There are lots of factors behind the decision, some include:

  • Having the necessary skills to carry out the internal work
  • Saving money on contractors fees by carrying out work yourself
  • Wishing to have more control over the internal fit-out
  • Wanting to use specific contractors for the internal work
  • Having a limited budget, and wishing to construct your extension in stages
  • Having plenty of time to commit to the internal decorating

Factors that affect the cost of a shell only extension

As with any extension, the size, complexity and shape of your property will dictate whether your extension costs are at the upper or lower ends of the typical price spectrum.

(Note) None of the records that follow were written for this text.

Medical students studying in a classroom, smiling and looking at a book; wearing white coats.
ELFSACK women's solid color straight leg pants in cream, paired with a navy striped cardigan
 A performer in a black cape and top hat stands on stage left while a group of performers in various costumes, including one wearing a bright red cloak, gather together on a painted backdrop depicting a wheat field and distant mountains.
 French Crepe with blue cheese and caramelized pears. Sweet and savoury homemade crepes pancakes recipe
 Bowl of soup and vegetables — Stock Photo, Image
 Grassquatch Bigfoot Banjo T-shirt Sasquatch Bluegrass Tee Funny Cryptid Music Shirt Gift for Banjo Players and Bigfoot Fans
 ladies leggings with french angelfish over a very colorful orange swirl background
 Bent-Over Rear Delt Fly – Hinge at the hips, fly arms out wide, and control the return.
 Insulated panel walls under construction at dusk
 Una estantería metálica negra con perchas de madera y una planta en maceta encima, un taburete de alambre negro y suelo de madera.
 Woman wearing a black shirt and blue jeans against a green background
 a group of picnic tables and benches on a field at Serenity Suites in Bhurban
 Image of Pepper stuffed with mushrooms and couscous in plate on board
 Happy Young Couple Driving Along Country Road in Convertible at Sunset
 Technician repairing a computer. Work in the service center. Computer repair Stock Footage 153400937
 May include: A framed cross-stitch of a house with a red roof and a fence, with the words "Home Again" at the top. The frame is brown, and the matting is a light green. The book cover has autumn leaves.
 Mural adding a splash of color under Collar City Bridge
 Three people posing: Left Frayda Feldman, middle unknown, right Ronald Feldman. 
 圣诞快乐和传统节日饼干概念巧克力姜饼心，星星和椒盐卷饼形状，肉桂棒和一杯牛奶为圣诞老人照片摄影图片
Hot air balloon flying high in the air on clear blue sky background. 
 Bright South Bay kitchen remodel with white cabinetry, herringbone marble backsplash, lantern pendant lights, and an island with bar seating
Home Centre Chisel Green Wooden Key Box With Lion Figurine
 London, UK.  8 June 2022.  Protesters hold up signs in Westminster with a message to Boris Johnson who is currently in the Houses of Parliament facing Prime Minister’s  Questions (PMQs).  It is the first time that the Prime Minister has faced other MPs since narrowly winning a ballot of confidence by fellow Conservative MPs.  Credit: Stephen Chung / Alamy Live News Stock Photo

Factors to consider include:

Bespoke or off the shelf
Many extension shells are pre-fabricated, in which case you can purchase your shell and have it delivered and erected exactly as shown in the display specification. In this case, you will know in advance the exact cost of the shell you have chosen.

Size of your extension
A shell extension is a cost-effective option if you have the time and skills to carry out the internal work yourself. However, the cost of your extension will vary considerably depending on the size.

For example, a double-height construction will cost more than a single storey, and a complex layout will be more costly than a simple square or rectangular shell.

Raw materials
Usually, you would expect to negotiate a price for the shell construction as an inclusive project. The raw materials you choose for your build will impact this cost. The basic build will include laying foundations, damp coursing, building blocks, bricks, rendering – choosing the best materials within your budget will mean that your extension is sturdier and will require much less maintenance in the future.

Another way to reduce costs is to consider whether it would be cheaper to provide the raw materials yourself. Some homeowners choose to buy their materials directly through a trade account and thus pay their contractor purely for the labour element of the shell.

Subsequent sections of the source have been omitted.